BRITAIN has to face up to the stark reality of increasing teenage knife crime.

Theatre Review

Gallery Players - The Long Road by Shelagh Stephenson

Sir John Mills Theatre March 10 to 14

BRITAIN has to face up to the stark reality of increasing teenage knife crime.

And the latest production from the Gallery Players of Shelagh Stephenson's play, 'The Long Road' tackles this thorny subject with unsettling honesty.

This production presents the audience with an intensely intimate glimpse in to the effect a random and fatal knife attack has on the lives of not only the family of the victim but also that of the attacker.

We pick up on the story of the lives of Mary (Linda Bailey) and John (Martin Leigh) Pritchard after their 18 year old son has been killed in an unprovoked knife attack by Emma (Maria Louis), a girl of the same age, high on drugs and witnessed by their second son Joe (Josh Keeble).
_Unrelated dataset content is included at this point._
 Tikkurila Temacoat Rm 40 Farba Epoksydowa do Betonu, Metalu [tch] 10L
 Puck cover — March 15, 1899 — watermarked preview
Family conflict emerges when Mary decides that the only way to cease her torment is by meeting her son's murderer face-to-face and - against her husband's advice - contacts Emma's prison social worker (Lindsay Ashford) to arrange a visit.

The impact of Stephenson's script is in the sincerity of her writing with every line of dialogue believable, resulting in instant affinity with each of the characters brilliantly realised by a remarkably talented company of actors.

The cast of five portray their respective roles with such a degree of consideration and precision that their characters' confusion, pain and attempts to reconcile their lives is profoundly moving.

With such a dark and poignant subject matter it would be easy to assume that this play hauls you through an evening of misery, but not so.

In spite of exploring the pitiful grief and turmoil each of the characters are trying to understand and in their own way come to terms with, there is an overwhelming tenderness that comes through in this play that somehow makes it very acceptable.

The thorough understanding of human emotion in the direction of this production and incredibly strong individual performances often crosses in to the unsettling realms of reality, making this an astonishing piece of theatre.

'The Long Road' is a powerfully influential play that people need to see and should become an integral part of the education curriculum of every teenager.